La produttrice Cynthia Storari, ideatrice anche del progetto, saluta la rassegna entusiasta delle serate e di tutti gli interpreti. E come darle torto, quando attori di vero teatro si cimentano in progetti inediti, azzardati e azzeccatissimi per il loro talento, per le loro intenzioni, per il loro essere Attori, per la nostra realtà quotidiana.
Perché proprio “Punti di rottura” il titolo di questa rassegna?
Sarebbe il breaking point in inglese. E’ un susseguirsi di stati di animo che ti portano ad un momento in cui c’è qualcosa che si spezza e che, quindi, ti porta a fare un qualcosa che risolve la situazione o che la fa precipitare drasticamente. In tutti e tre gli spettacoli presentati durante la rassegna c’è sempre qualche cosa che viene spezzato. Questo è stato il tema conduttore e non caso i sottotitoli: “vengono da un tempo crudele in un momento crudele per tutti noi”. E’ la crudeltà insita nella vita quotidiana che ci uccide. La crudeltà di stato, la crudeltà mentale delle varie psicopatologie.

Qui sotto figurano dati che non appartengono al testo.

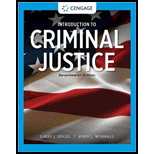 Introduction to Criminal Justice 17TH 22 Edition, by Larry J Siegel - ISBN 9780357630921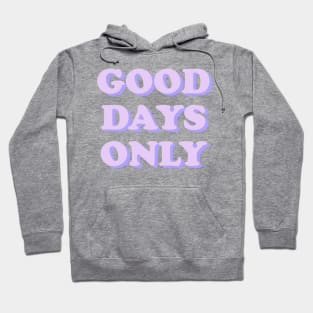 GOOD DAYS ONLY 🔆 Hoodie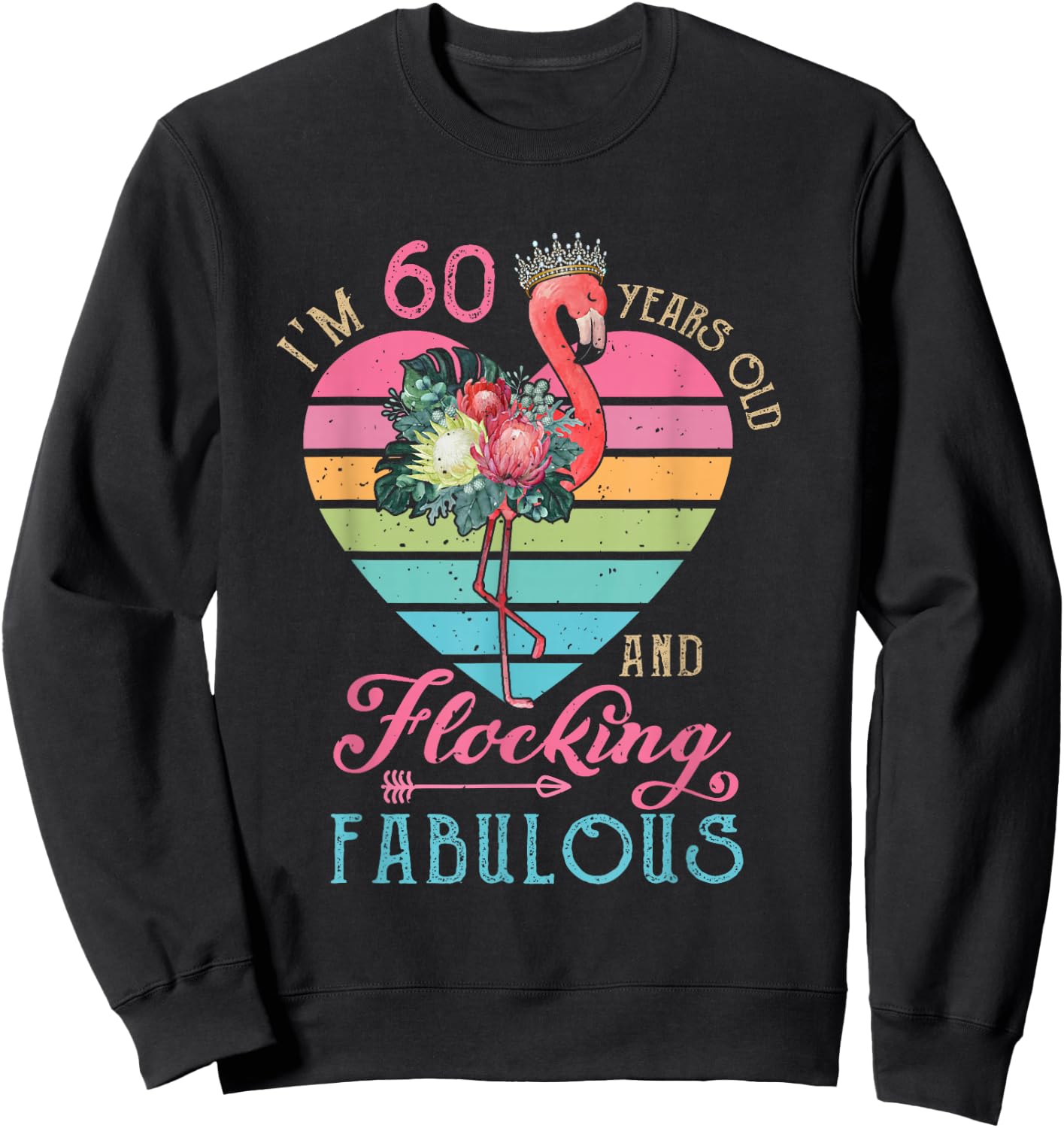 I'm 60 Years Old And Flocking Fabulous 60th Bday Flamingo Sweatshirt - Sweatshirt | Black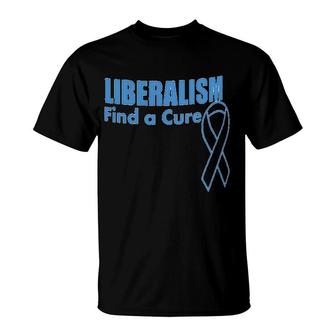 Liberalism Find A Cure T-Shirt | Mazezy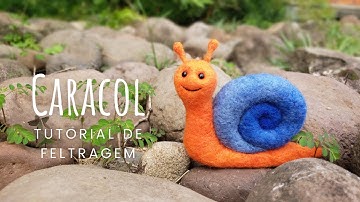Tutorial de Feltragem - Caracol
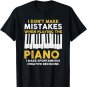I Don't Make Mistakes Piano Musician Humor T-Shirt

I protagonisti di questi 3 “spezzoni di rottura” sono tutti uomini. C’ è una ragione specifica di questa scelta?
Beh… gli uomini sono quelli che più rimangono ossessionati da ciò che li circonda. Sono forse quelli che sono un po’ più fragili. Sarebbe infatti interessante vedere, appunto, al femminile la versione di “Punti di Rottura”.
Sei soddisfatta di come è andata la rassegna?
Assolutamente sì. Penso di riproporla al femminile. Già stanno arrivando proposte tra cui il monologo di Silvia Guidi. Questi testi invece spero di portarli al SALA 1. Non so se riesco a portare “Il Recinto” perché riuscire a rimettere insieme tutti e tre gli attori, che sono molto ambiti, sarà un’impresa.